Photo: Beach across Jackobson Point from Columbia Cove.
We wait for the tide to come in, then take the dinghy into the shallows of Columbia Cove where a trail leads to the ocean. A tangled pile of windfall trees almost turns us back. But an orange bait bucket at the top of the pile serves as a marker and tells us the way through is to climb over. It's a nerve-wracking climb across rain-soaked branches high above the trail. But when we get to the top we look down and see what might be an easier way to try on the way back. We climb down and enjoy the rest of the hike over an (almost) easy trail to the beach.
Seven years ago, when we were last here, the beach was littered with net floats, running shoes, hard hats, and other detritus - enough we were able to put together a beach guard with our findings. Now the beach is almost clean. We enjoy a walk along the white sand beach and watch the surf.

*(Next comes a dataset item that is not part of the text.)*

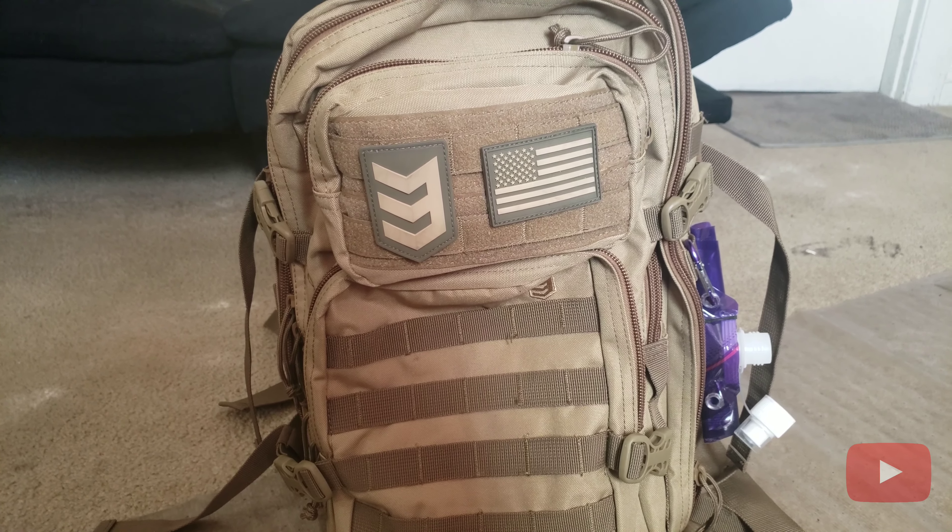It also comes with top and side compression straps. It's really roomy, but if you want to keep everything nice and tight you can click those together and tighten everything up. Looking at the inside — the top front pocket is 96 cubic inches, pretty big, maybe three to four inches in width. I put my first aid kit in there. The second front pocket is 180 cubic inches.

We return to the trail, this time scrambling around and under the windfalls instead of over. Under is easier, but we end up covered with mud.
The day before when we entered the Cove, we noticed that the wreck of an old Coast Guard Cutter that had been quite prominent near the entrance to the Cove in 2001 was no longer visible and we wondered if it had been removed or if winter storms had destroyed it. We motor the dinghy along the shore looking for it. We find the ship's cabin almost hidden among the trees, its red hull, once so prominent completely gone. In the water we can just see the rusty hulk of an engine.
By now it's mid-afternoon and the westerlies are in full swing. We raise anchor and sail to Battle Bay, a few miles away.
August 17. Battle Bay (50 07.1N, 127 33.5W)
In the morning, we take the dinghy around the Acous Peninsula, to the site of the former village of the Checlesets. The village site itself is easy to find on the rock-bound peninsula because it fronts a pebble beach, the only one on the peninsula. We look for a single bare pole that in previous years marked the trail to a house site with a fallen totem pole. The bare pole is gone, but we find another trail leading through the spruce trees and follow it through the forest to the house site. We almost stumble over the totem pole, it's so decomposed and hidden among the vegetation. But it's features are still visible, green with lichen.